ヤスフェは強い不満を感じたが、この時ばかりは仕方のないことだと割り切るしかなかった。
「私は何としてもジャッポーネに行かねばならないのだ」
しかし元々剛直で潔癖な気性の持ち主であり、嘘偽りが苦手なヤスフェである。彼が本当はキリスト教カトリックを信仰しておらず、多神教徒であることは他のイエズス会士にはすぐばれてしまったようである。
しかし上司であり、最高責任者であるヴァリニャーノが見て見ぬふりをしている以上、責め立てることもできない。
その為かえって彼らのヤスフェへの怒りと軽蔑は深刻なものへとなっていったようである。
無論ヤスフェは彼らの怒りと憎しみの視線など歯牙にもかけなかった。
そのようなヤスフェの態度がさらにイエズス会士達の怒りを駆り立てる結果となってしまった。
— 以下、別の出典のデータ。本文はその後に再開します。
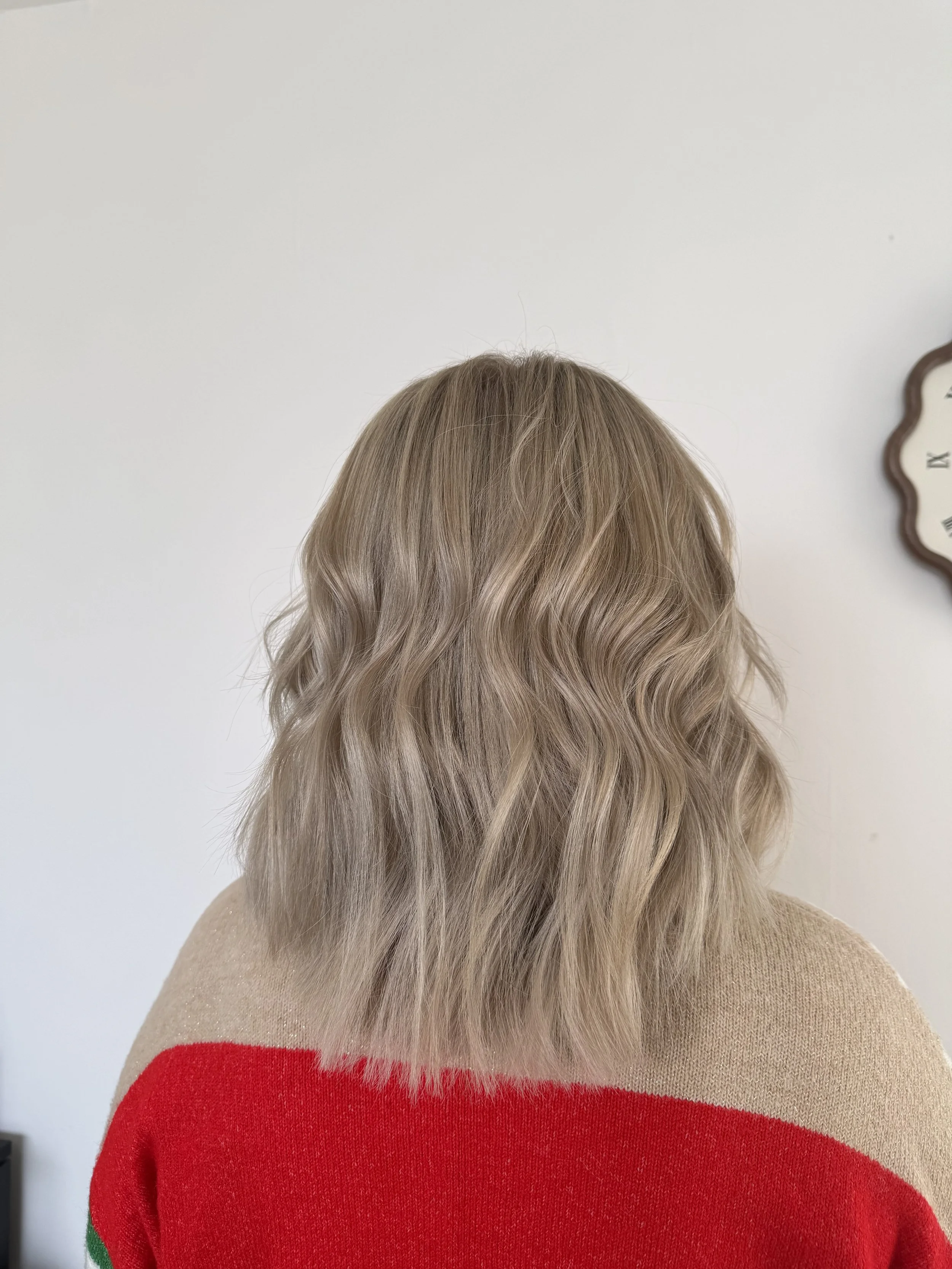 Back view of a woman with shoulder-length wavy blonde hair, wearing a multicolored sweater, against a white wall with a wall clock.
「ヴァリニャーノはあのようなつまらぬ者共とは訳が違う。人間としての風格が遥かに上だ」
ヴァリニャーノがヤスフェの信仰についてうるさく言わないのは、伝道の旅に同行することによっていずれ必ず改宗するだろうと確信しているから故の余裕であるのかも知れない。
だがそれと同時に苦渋と悔悟に満ちた過去によって否応なく備わった柔軟な精神、包容力もその理由なのだとヤスフェは受け取った。
最初の目的地であるマカオへ向かう航海の途上でヴァリニャーノはヤスフェに何故己がイエズス会に入り、唯一絶対の神へ身を捧げる覚悟を決めたかを語った。
「私は若い頃は放蕩に明け暮れていたよ。あの頃の私は堕落しきったどうしようもない男であった」
ナポリ王国の名門貴族の家に生まれたヴァリニャーノは法学を学ぶためにパドヴァ大学に入学したが、学問に身を入れることはなかった。
その類まれな美貌と高貴で洗練された振る舞いによって多くの女性を引き付けてしまったが為、ヴァリニャーノは女遊びを覚えてしまったのである。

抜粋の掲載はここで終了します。